* What you have to do *
Each line of the data is to be output verbatim, with the images removed.

* Dataset extract *

※ ※ ※

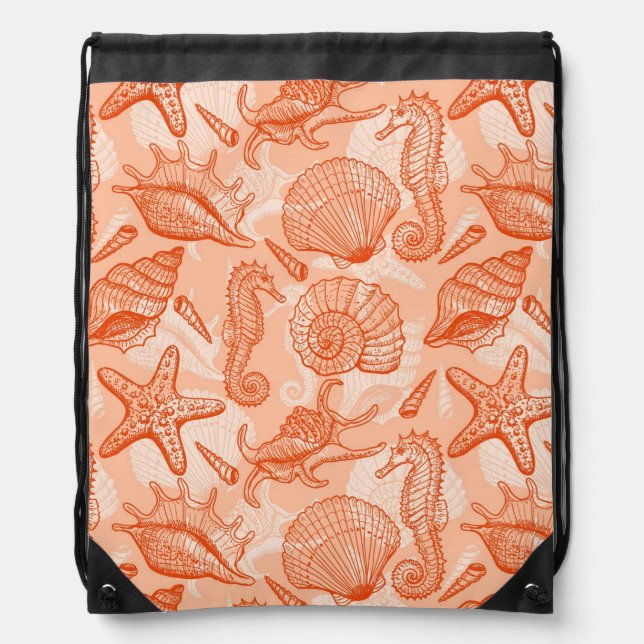 Sea hand drawn pattern drawstring bag (Front)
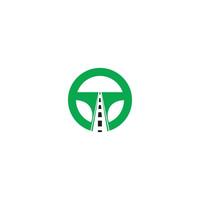 het rijden school- logo ontwerp. stuurinrichting wiel en weg icoon. vector
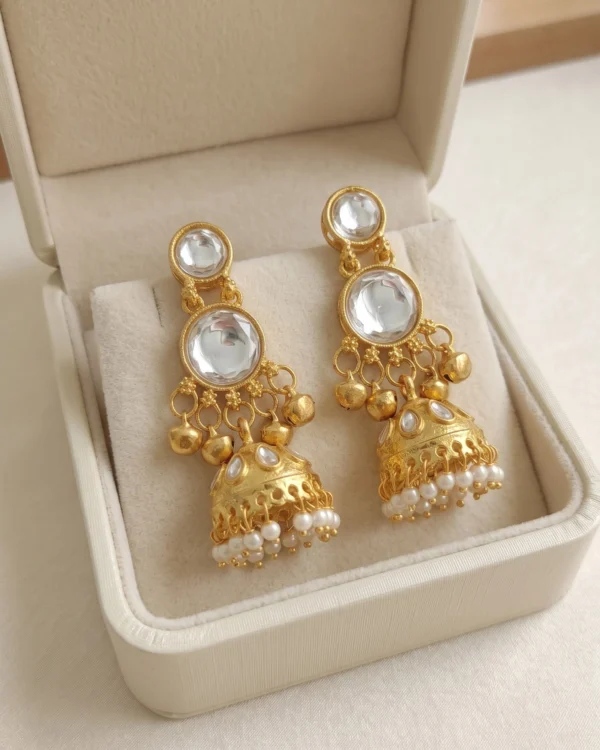 Round Stone Gold Look Jhumka Earrings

※ ※ ※

* Response *
 Sea hand drawn pattern drawstring bag (Front)
 het rijden school- logo ontwerp. stuurinrichting wiel en weg icoon. vector
 Round Stone Gold Look Jhumka Earrings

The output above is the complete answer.